Simon Heisterkamp shares what he has learnt on his journey to working for Terma as a Systems Engineer in Defence & Security.

Originally from Germany, Simon studied Natural Sciences at Cambridge and then completed an MSci in Physics and a PhD in Experimental High Energy Physics at Copenhagen University.

Tell us about the decision process that led to you pursuing a career as a Systems Engineer. 
For the longest time it had been my plan to pursue an academic career with the goal of becoming a professor. However, the more I talked to current academics the less attractive this career path appeared. I felt the desire for more job security and greater self-determination with regards to the job-framework than the academic world can offer. I did some soul searching to isolate the activities and values that were important to me in my work as a PhD student. I realised that I wanted to be part of an industry that makes and delivers real world objects because a hands-on feedback from my work was something that I had been missing in my abstract research. Beyond these somewhat vague frames I did not want to set too many restrictions because I wanted to be open to the unexpected possibilities that might present themselves.

What was your experience of finding a graduate job?
I found it somewhat difficult because I had made up my mind to be in a certain type of position, namely an engineering position, which I am not formally educated for, and not, for example, a software engineering position at a financial institution. With this in mind I knew I would have to be more flexible geographically (I ended up moving from Copenhagen to Aarhus). In total I got about 8 rejections before I got this position.

What should students do to prepare for finding graduate employment?
Start to notice the activities that you like and do not like during your daily work. Not “I like research”, rather “I like statistical data analysis”, “I like presenting at meetings”, “I like tutoring” or “I like teaching”. Think about which of your activities you would like to see in a future job and how they are transferrable. Also, practice networking. Talk to everyone about your thoughts about your future job. (90% of students agree with Simon that building a network is important for finding a graduate job).

What advice would you give to current students struggling to decide on their career path?
Think about the life you want to lead. What values are important to you? Make a list of the widest possible circle of companies and industries that could be relevant. Start browsing some webpages. You will soon find that there are some directions that you can exclude already at this stage.

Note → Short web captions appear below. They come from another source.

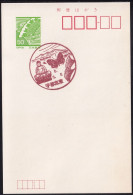Japan Scenic Postmark, Butterfly Buddha Ginkgo (js5415) - Otros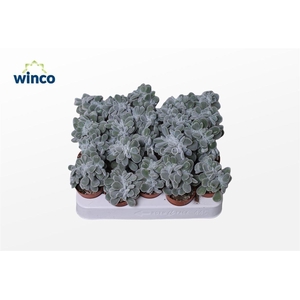 Echeveria Frosty Cristata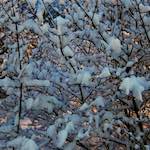 image: Image du photoset ‘way to work (viii)’.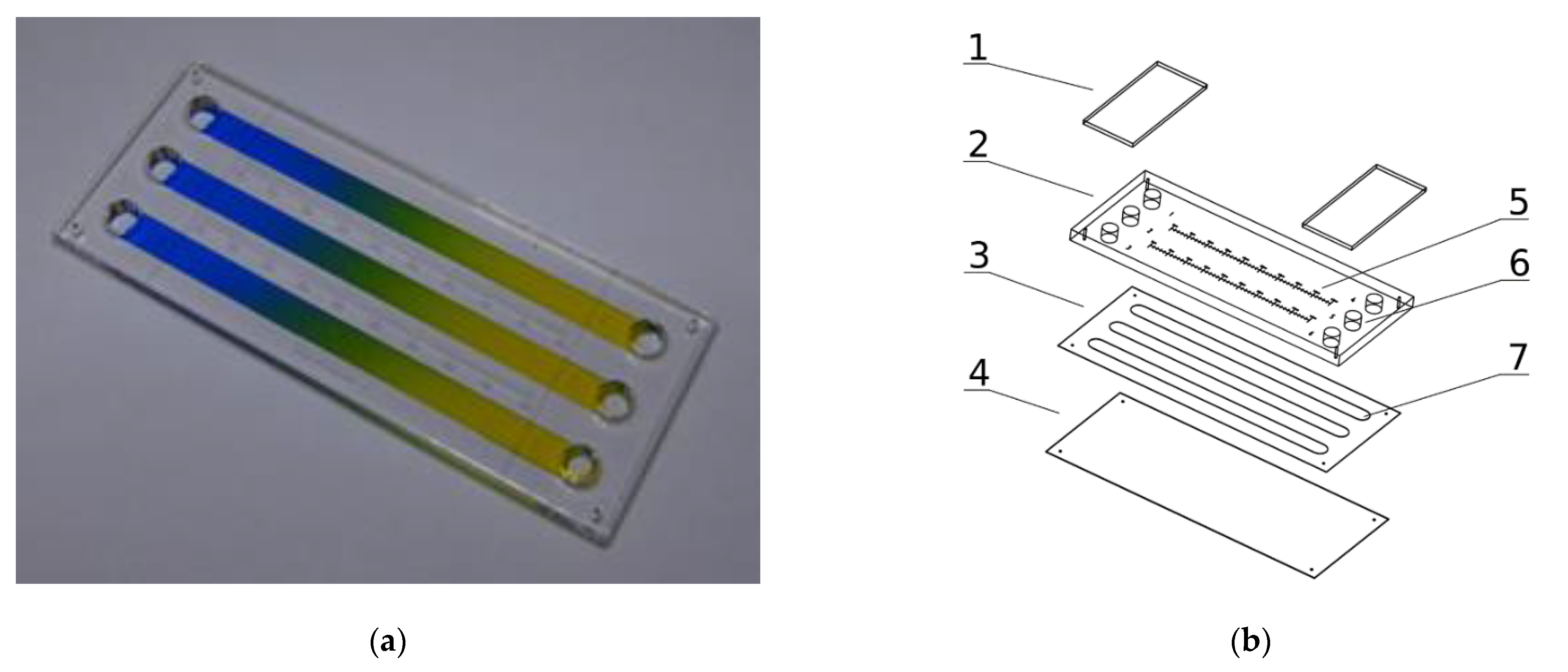 Molecules 26 03215 g001 Molecules 26 03215 g001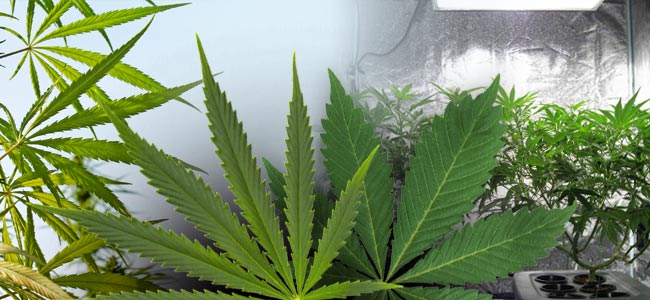 Sativa Vs. Indica: Diferencia En El Crecimiento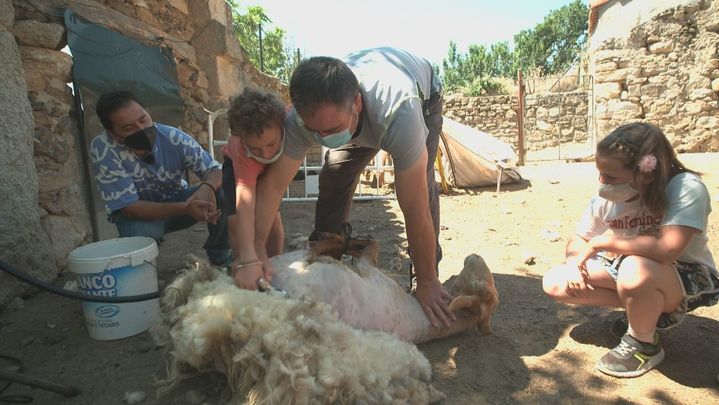 Lolo, el genial y querido profesor de Cabanillas de la Sierra / Redacción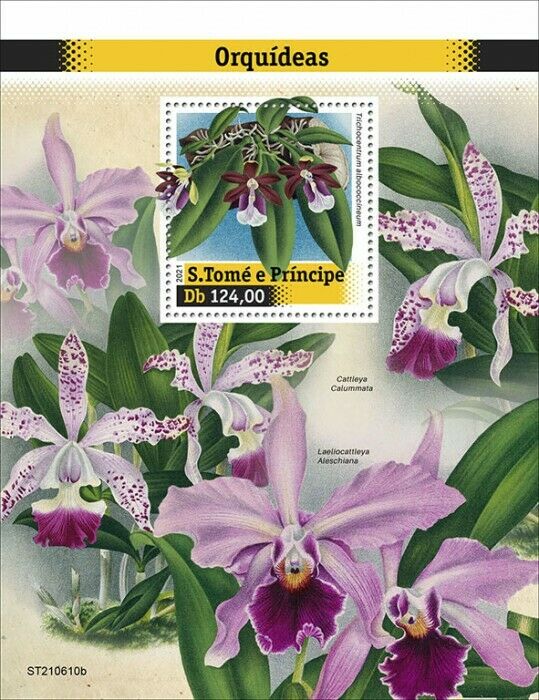 Sao Tome & Principe 2021 MNH Flowers Stamps Orchids Trichocentrum Orchid 1v S/S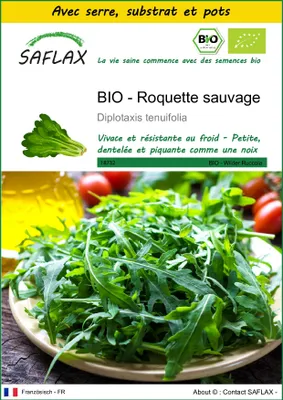 Image de SAFLAX Ensemble de culture -- Roquette sauvage - 1500 graines - Diplotaxis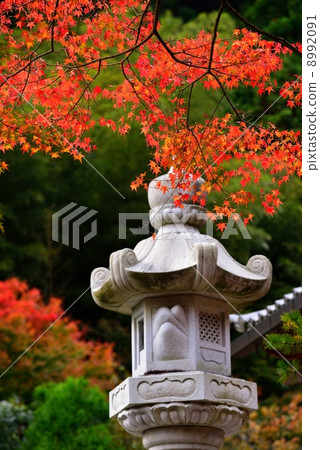 Shinoyama / Kozoji Temple 8992091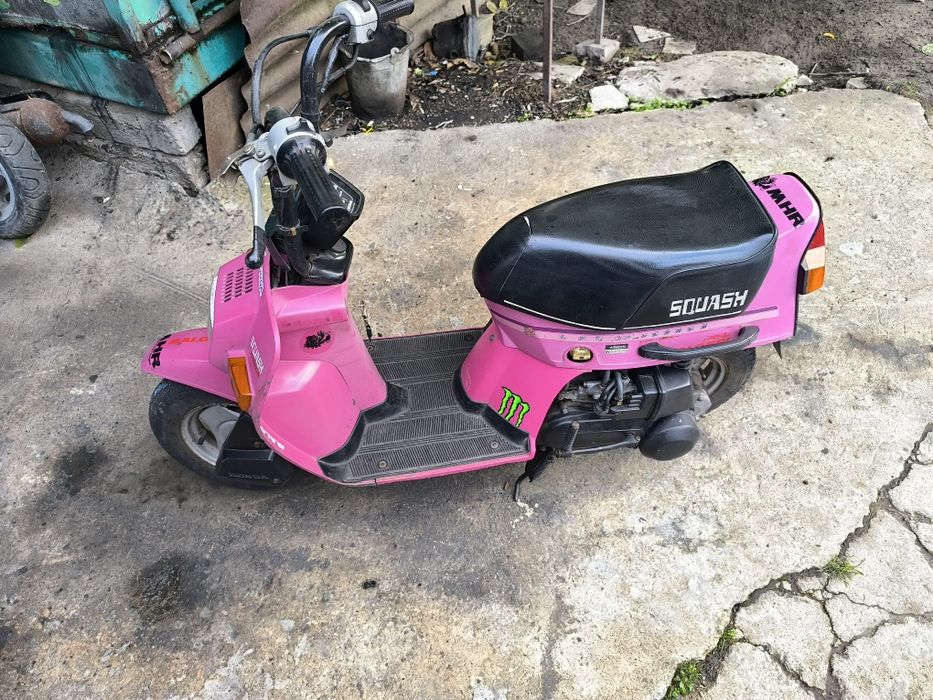 Honda Squash  50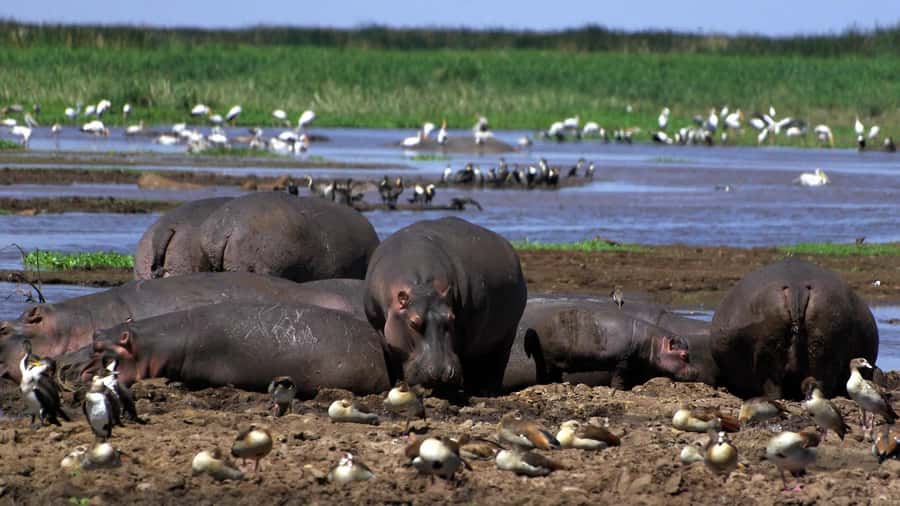 2 Day Tour Lake Nakuru, Hell' s Gate & Lake Naivasha - Why this two-day route works from Nairobi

Talk to everyone about your future career. Friends, parents’ friends, people you just met… everyone works somewhere and has a different view on their company and their type of career.

If you cannot decide precisely what type of job you want then remember that you are probably not even aware of 90% of the jobs that you would enjoy having. Be open to the possibility that often the direction you end up in is determined by little more than random chance. If you embrace this possibility, it allows you to focus on other things. 

Are there working culture differences between companies in Denmark and your home country?
One aspect that has been very noticeable to me in every Danish workplace I have seen is how non-hierarchical and warm the working atmosphere is. Danes are very approachable and open to talk if anything is the matter.